Several students from Fort Vancouver rushed over to help rescue the trapped children. One of the kids under the rubble in a fourth-grade classroom was Virginia “Ginger” Hiller-Allen.

“The last thing I remember before losing consciousness is that the entire roof lifted off the portion of building where my classroom was located,” Hiller-Allen said. “When the roof slammed down, I was in the hallway right outside the classroom door and the walls caved in on top of me.

“I have been told that I was found because I had long blond hair and when the students from Fort Vancouver came over to help rescue kids, they saw my hair coming through the bricks and started digging to get me out.

“I have never known exactly who the people were who dug me out,” Hiller-Allen said. “I have always wanted to have the chance to thank them face to face.”

Hiller-Allen said she was hospitalized for several weeks, and eventually had to relearn how to walk.

Fort Vancouver High School served as an assembly point for the Ogden teachers and their students.

Trudy Hascall, the Ogden school secretary, said she grabbed the “family book” that had information on each student and contact information for their families.

“Finally we got everybody together at Fort Vancouver High School. Their power was out, so our kids had to sit in the dark in the gym,” Cannard said. “They had been traumatized. It was pretty bad. It was hard to tell if they were in shock or not; the ambulance people said they were.”

By then, “Parents were streaming to the school, in cars and on foot, hysterically looking for their children,” Hascall wrote in a history of the Vancouver school district.
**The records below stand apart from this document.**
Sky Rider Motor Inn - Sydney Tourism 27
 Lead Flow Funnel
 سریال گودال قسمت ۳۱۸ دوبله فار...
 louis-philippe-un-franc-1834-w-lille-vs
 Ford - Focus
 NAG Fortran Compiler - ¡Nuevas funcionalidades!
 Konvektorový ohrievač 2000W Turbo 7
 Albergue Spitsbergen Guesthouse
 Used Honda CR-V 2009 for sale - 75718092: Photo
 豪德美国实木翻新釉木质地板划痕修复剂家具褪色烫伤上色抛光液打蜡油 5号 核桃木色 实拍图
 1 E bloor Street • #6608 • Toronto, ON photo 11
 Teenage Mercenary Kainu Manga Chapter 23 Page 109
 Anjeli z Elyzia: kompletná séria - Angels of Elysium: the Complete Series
“Many students had been sent to hospitals before we had a chance to get their names; but by word of mouth, we were able to locate some of them,” Hascall wrote. “Many parents, upon not finding their children at Fort, called the hospitals in an effort to locate them.”

Lingering memories

The Ogden student body was split up among three other elementary schools for the rest of the school year — Walnut Grove, Truman and King. Cannard and Hascall relocated their office to Walnut Grove, where echoes of the disaster occasionally popped up that spring.
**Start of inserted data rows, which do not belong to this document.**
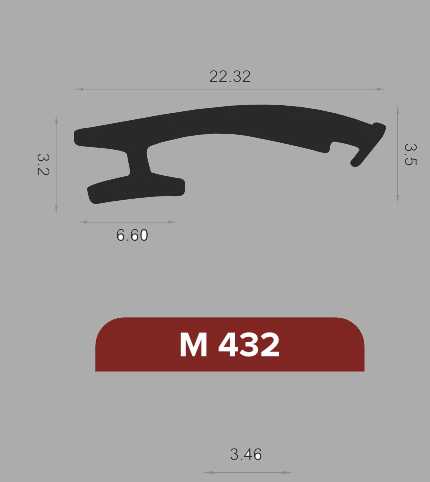 UMH 432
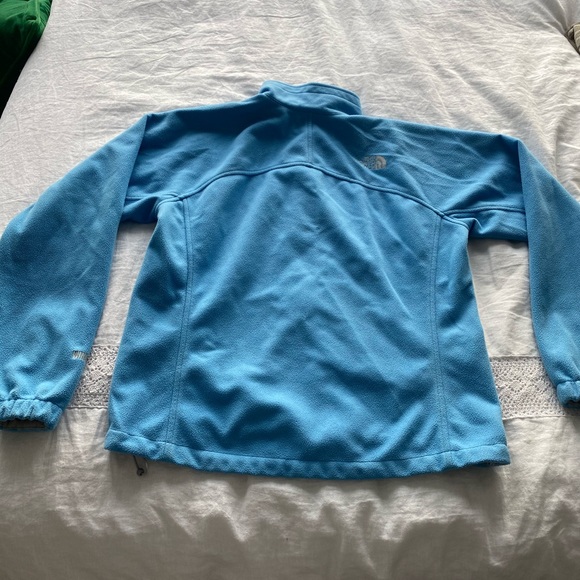 North Face Fleece Jacket - Picture 5 of 8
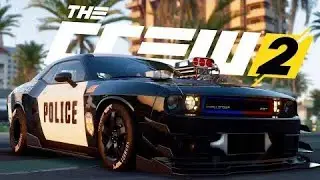 The Crew 2 das beste Drag Race &uuml;ber 5000ps|500km/h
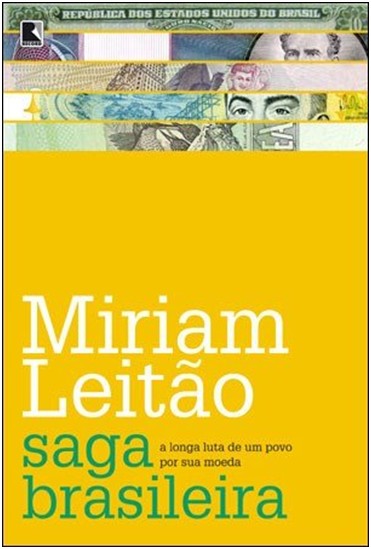 Saga Brasileira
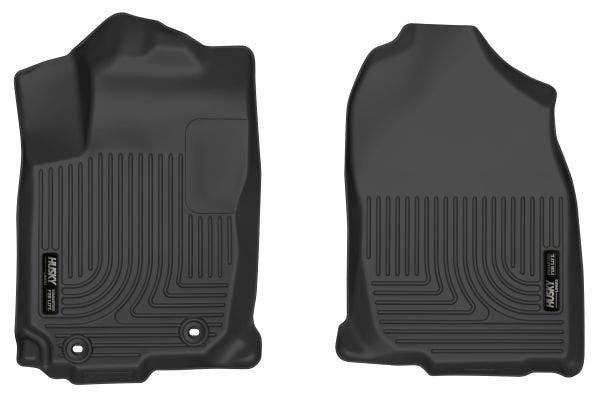 Husky Liners 52201 X-Act Contour Floor Liner Fits 13-18 Rav4   X-Act Contour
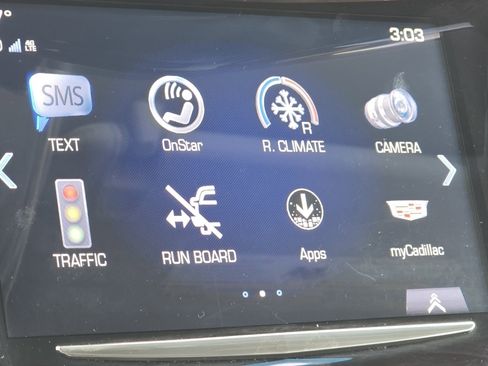 Used 2019 Cadillac Escalade Premium Luxury image 6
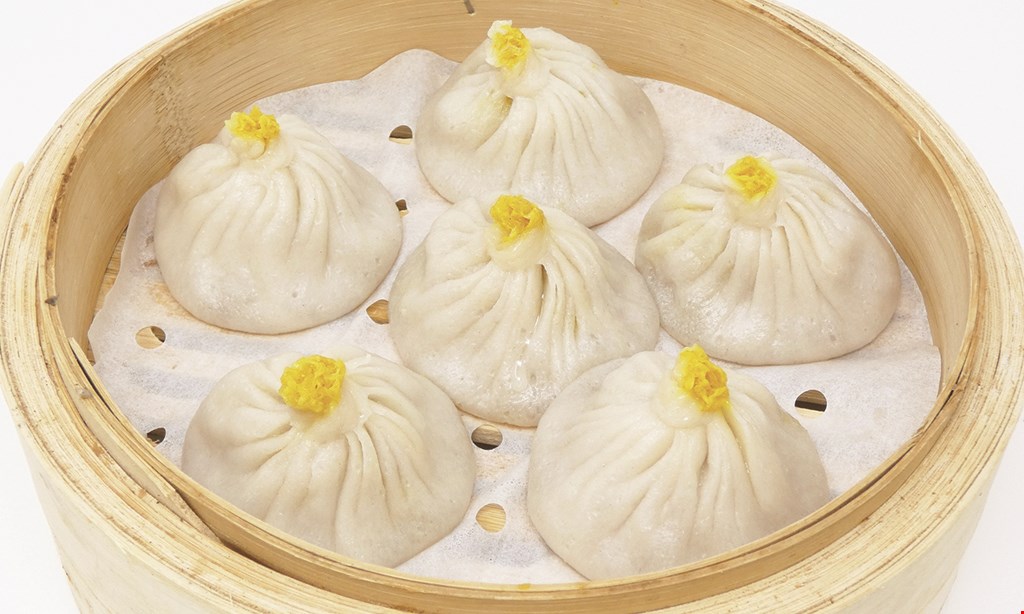 Product image for Dumpling Legend $15 For $30 Worth Of Asian Cuisine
“There were two or three girls — when it was a windy day, they came looking for me,” Hascall said a few days ago. She was sitting next to her son, Loren, who had been a senior at Fort Vancouver that day. But Loren Hascall, who went on to become a music teacher at Lewis Junior High, had his own tornado echoes when those Ogden students got older.

“I taught some of them at Lewis,” Loren Hascall said.

And how did the topic come up?

“Counselors said some of them were still having trauma on stormy days,” he said. “They gave us a heads-up.’

It wasn’t just the kids who flinched at reminders of the tornado.

“It was several years before I didn’t react to sirens, or flashing ambulance or fire department lights, or hail storms,” Cannard, the former principal, said.

Oppel, the former kindergarten teacher, said her flashbacks were a result of making sure everyone in her classroom was accounted for.

“I’d wake up in the middle of the night, counting kids,” Oppel said.

Trudy Hascall said that she was so busy right after the tornado that she didn’t have an opportunity to reflect on the disaster.

“It didn’t hit me until a couple of days later,” she said, and that’s because the school’s lost-and-found box was at her house.

“A dad and his little boy came to my house to see if I had his mitt,” she said.

The little boy’s baseball mitt wasn’t in the box.

“Then it hit me, what happened to their world,” Hascall said, referring to all the children in the school. “After they left, I sat down and bawled.”